With the main approvals out of the way, immediate attention now turns to two key issues.
Firstly, with the 19b-4 filings approved, the focus is on the SEC's greenlighting of the S-1s (or S-3s for Grayscale), which will clarify when trading can commence. Although there has been cases in which the gap between 19b-4 and S-1 was more than three months, I’m expecting that the spot ETH ETF processes will take significantly less, perhaps a few weeks or at most a couple of months. This is because this is not the first crypto ETF, and not even the first Ether ETF, that the SEC has approved at the S-1 level.
The second key question concerns initial inflows. My perception is that the overall market expectation is that ETH will attract something between 10% to 20% of the BTC inflows. For reference, at the recent Hong Kong simultaneous launch of spot BTC and ETH ETFs, ETH was able to attract about 20% of the BTC inflows. Perhaps the most important component on this side is whether we’ll see outflows from Grayscale’s ETHE trust, which now has an AUM of $11.1 billion.

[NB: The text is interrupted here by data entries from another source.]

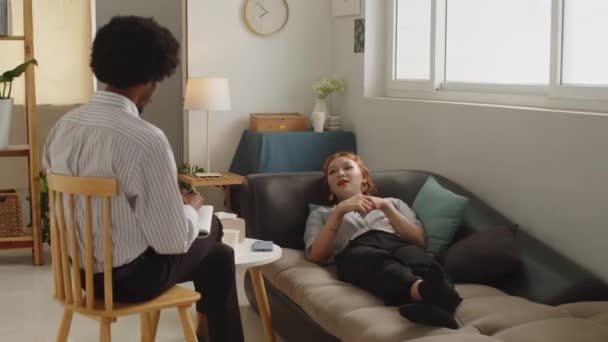 长期听亚洲女病人躺在沙发上治疗的黑人男性心理学家 — 图库视频影像
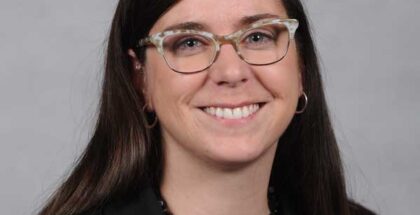 Profile picture of Megan Quinn (a caucasian woman similing at the camera while wearing glasses)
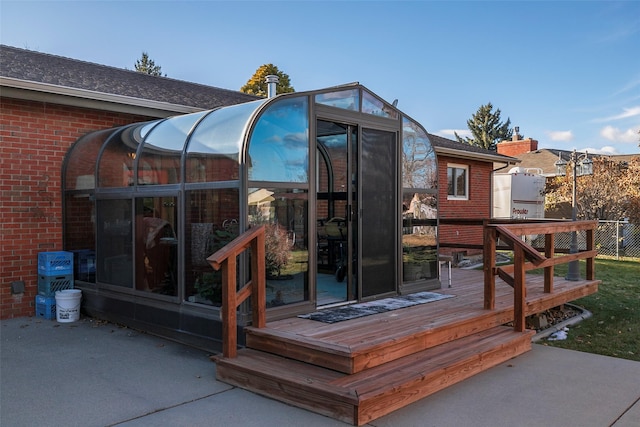 rear view of property featuring a sunroom and a wooden deck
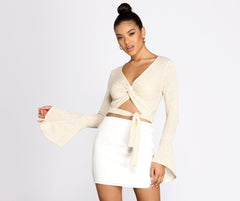 Top de belleza con cinturón y campana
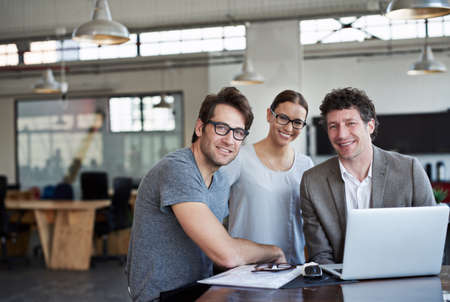 Well get the job done. Portrait of three business colleagues in the office.の写真素材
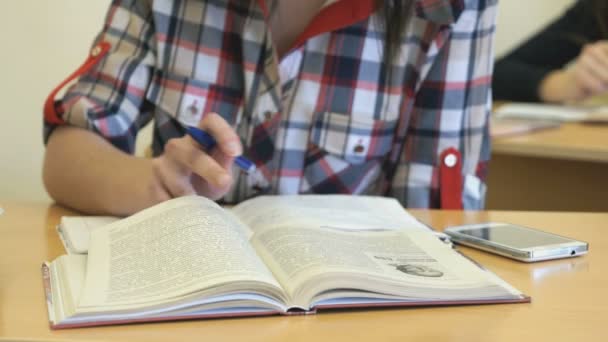 Chica sentada en el escritorio volteando páginas de libro de texto — Vídeos de Stock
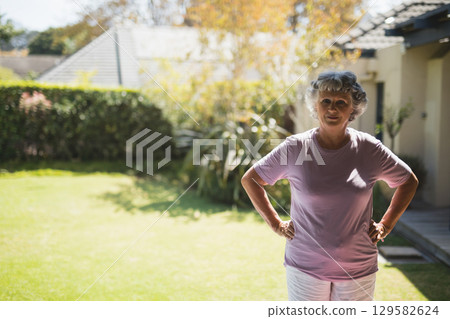 Senior woman standing with hands on hips in suburban backyard by hedge and deck, copy space 129582624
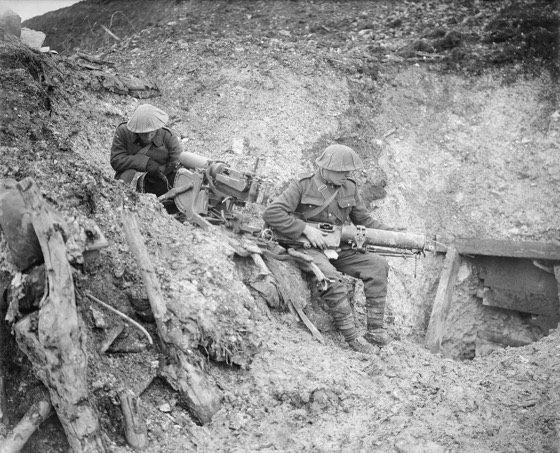 The Battle of the Somme, July-november 1916 Battle of the Ancre. Two soldiers of the 8th (Service) Battalion, North Staffordshire Regiment examine captured machine guns outside a badly damaged German dugout at Beaucourt-sur-Ancre.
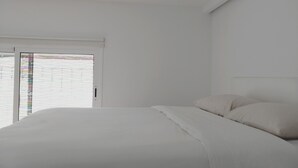 Un dormitorio minimalista con una cama grande, paredes blancas y un ventanal corredero que da a un espacio exterior.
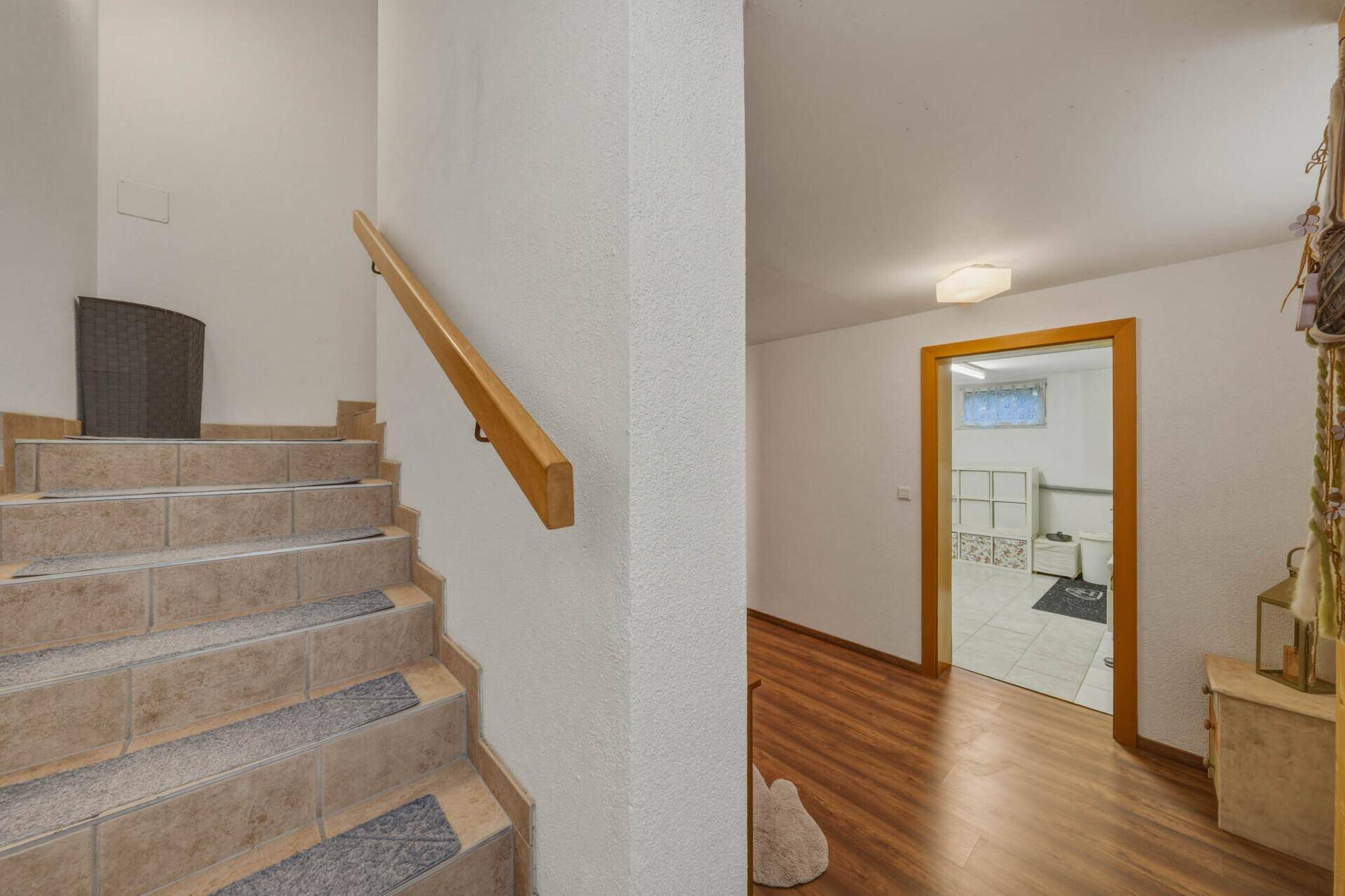 Treppenhaus mit Fliesenstufen und Holzgeländer, das zu einem weiteren Bereich im Untergeschoss führt.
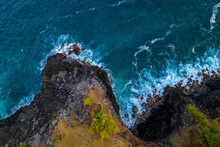 Aerial View Of Waves Crashing Against Cliffs Near Andrea Lodges During Sunset In The South Coast Of Mauritius Island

Looking forward, the market is already speculating what is next for crypto ETFs. The perception of a friendlier regulatory stance lifts hopes among some that could see alt crypto ETFs relatively soon. It is important, however, to remember that BTC and ETH are the only assets that count with CME futures contracts. There’s a wedge between those and all other assets.
Although the FIT21 market structure bill could pave this way if it becomes law, for now it seems more likely that the next important crypto ETF milestones will be BTC and ETH blended ETFs, as mentioned above, and the potential introduction of options on some of the spot BTC ETFs. The deadline for the SEC to respond to the options applications is around September, and market attention should increase until then.
The recovery in ETH appears to be gaining traction as what was probably the most underowned asset in crypto is now back en vogue. Even with the recent outperformance, however, the ETH/BTC ratio has returned to its early March levels and remains significantly below its average over the past three years.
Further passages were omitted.